The NLRB’s lawyers make this framework — and its implications — explicit in their case against Scabby. A brief filed in the Philadelphia case by one of Robb’s underlings contains a section titled “The Government Is Justified in Restraining Certain Speech to Protect the Free Flow of Commerce.” She writes therein: “Given the [NLRA]’s purpose to protect the free flow of interstate commerce, there is an inherent recognition that the speech and conduct of both employers and unions that the Act regulates constitutes [sic] the type of commercial speech that is entitled to lesser constitutional protections.” By categorizing what unions do as “commercial speech” (akin to advertising), Robb and company seek to deny unions robust First Amendment protection. Your right to swing your arms ends just where someone else’s nose begins, and your right to a rat-shaped balloon ends just where it potentially impedes interstate commerce.

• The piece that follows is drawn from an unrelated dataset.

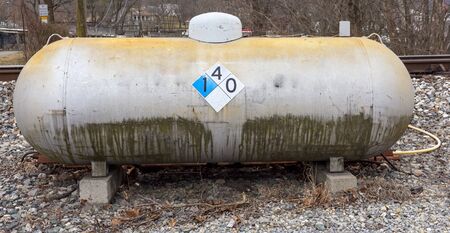 Large grungy weathered propane liquid gas tank on cement blocks.の写真素材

Richman and others have argued that labor should reject this legal framework within which our rights have been boxed and make a strategic decision to challenge management-friendly labor laws and regulations on constitutional grounds. Perhaps the NLRB’s prosecution of Scabby will invite just such a challenge, one that could even call into question the longstanding prohibition on secondary boycotts and picketing. As a phoenix rises from its own ashes, perhaps labor’s speech rights will ultimately rise up from the rubbery heap of a deflated rat.
Perhaps, but let’s not hold our breath as the air hisses out of our oversized friend.
Over the course of our time together on the picket line, I developed a soft spot for the big lunk but, in truth, it wasn’t Scabby that won the Shahs strike for us. And I feel passionately about the freedom of speech, but I know that neither symbols nor words contain the true source of our strength.
We won the fight for Shahs just like we win every other victory: through the commitment co-workers make to stick together and through the resolve of the broader community that coalesces to support them. Ryan Seacrest Productions ultimately capitulated and brought its editorial crew back to work under a union contract because talented artists and craftspeople had proven that they would stand together, and that the company couldn’t make their product without our members’ skills.
Notwithstanding the contentions of a bunch of anti-union lawyers in the NLRB or anywhere else, the messages to which unions give voice aren’t “commercial speech”; they’re fighting words. As more folks come to recognize which side they’re on in such fights, we will prevail, whatever the law might have to say about our balloon buddies.